The ultrasound literally took a minute or so. The doctor took a quick look and said, "Great uterus. Perfect. Picture perfect in fact. Ovaries are quiet, just how we want them." And that was it. Had a quick chat with the nurse about my medication and set the date. Thursday I head into the clinic for my transfer. At my old clinic, they transferred without the ultrasound (public clinic, remember?) so this will be my first transfer with a full bladder. I have a tiny bladder so I'm not looking forward to the drive into the city. Not at all.

I also asked the nurse if it was a problem for me to travel to Mexico if I get pregnant. She stated emphatically "No." Good to know. My BFF seemed a little annoyed that I was transferring before we left. She thought I would hold off until I returned. With my cycle, however, we wouldn't be able to transfer until Septemer if we waited. I've had enough of waiting. My beta will be a couple of days before my trip. So either I'll be happily drinking virgin mojitos or getting sloshed to drown my sorrows.

Now back to the "picture perfect uterus." If my lining/uterus is so awesome, why can't I get pregnant? Are all our embryos just crap? All of them? It's frustrating.

Friday, July 6, 2012

Kids These Days

Well, I've survived the first 4 days of summer school. The English 11 is class going well, though their writing and analytical skills are quite poor. My English 8 has been a challenge. They're really challenging my classroom managements skills. I had forgotten how much micro management is needed when they're this young and immature. Immaturity I can handle but things took a somewhat dangerous turn today.

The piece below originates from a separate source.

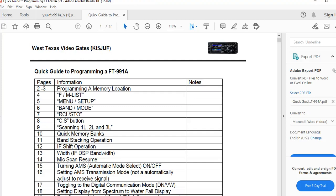Good afternoon, everyone. It's Steve Kalf. I'm KI5JUF. Hope everyone's having a good 4th of July weekend.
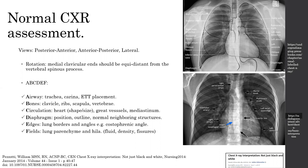There are different mnemonics and methods to assess the chest x-ray, but the ABCDEF mnemonic is a useful approach. A stands for airway, in which you assess the trachea for deviation or midline position, the carina at the level of T4 to T6, and endotracheal tube placement, which should be three to five centimeters above the carina.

Yesterday, I noticed one student making a gesture to a friend of his and mouthing, "I'm going to punch him in the face." He and I had a chat outside and I told him that he better not be thinking of having a fight after school, otherwise he would be expelled and be in serious trouble. He was adamant that he was just joking and nothing was planned. Well, guess what happened? He and another student in the class got into a fight. Fun. I got to sit in on the meeting with the two vice principals. Upon further investigation, we discovered that they had a fight two days before at the bus stop. Guess what it was over? A pair of broken headphones. That's right. Broken headphones. While we were all in the office, I told them what happened in class regarding the punching comment. I also threw in that boy #2 had been using derogatory language in class. We were working on sentence patterns and for his gerund, he wrote "Je.wing people is bad." Seriously? I had to control my anger and challenged him in his thinking. He was visibly uncomfortable (good) and feigned ignorance (yah right). Anyway, during the fight, he called student #1 a "dirty Mex.ican.". My God! What is wrong with kids? Well, despite my recommendation that both students be expelled from summer school, one of the vice principals decided to give them both one last chance.

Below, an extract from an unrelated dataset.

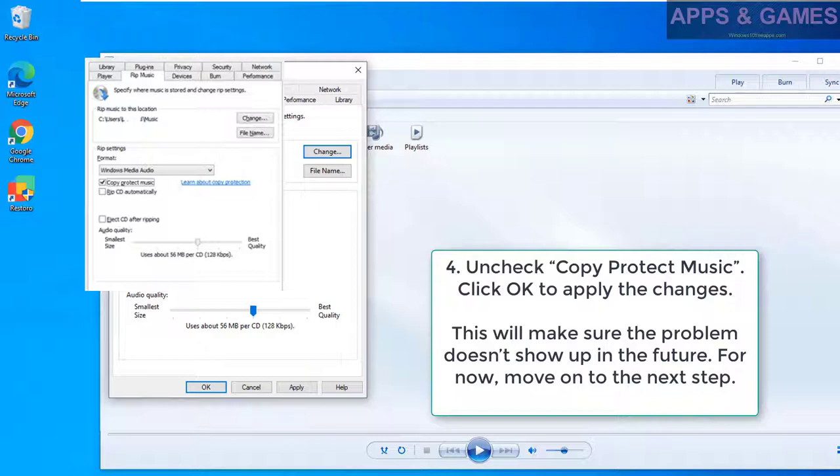This will make sure the problem doesn't show up in the future. For now, move on to the next step.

Truly and honestly I hoped these boys would take this chance seriously. Almost immediately boy #2 started acting out. About 35mins into the class, he commently loudly and clearly to a different boy, "_____ you're dead." Hearing this, I sent boy #2 outside and told him to go to the office. He begged and he pleaded but I didn't relent. I should have escorted him to the summer school office but I didn't. Instead, he thought he would try to outsmart me and he headed to the regular office where the administrators are winding down from the 2011-2012 school year and had no clue what had just occurred the day before. So when #2 returned, boy #1 called me aside and stated that he had heard that #2 was carrying a knife and had planned to cut him. Another student verified this information as well. Really a knife?! I pulled out my phone and called the principal informing him that I have reports of a knife in my class. Moments later, two principals were at my door and student #2 was removed. They found the knife hidden in his shoe.

Why? Why did he do it? Was he scared? Was he trying to be intimidating? A kid doesn't bring a knife to school just because. I know that boy #1 has more to do with all this than we know. He's still on my radar. Here's hoping he learned something from all this and makes it through these next 15 days. Let's hope I make it through the next 15 days!

Tuesday, July 3, 2012

Holy Cramps Batman!

When I was researching endometrial biopsies, I knew there could be some complications - fever, infection... What I didn't anticipate were the bowl-me-over-in-pain cramps I would experience with my period. Holy moly! A whack load of pain killers, a heating pad, and four hours later, the cramps finally subsided. Never have I had cramps that painful before. At least none that I can remember.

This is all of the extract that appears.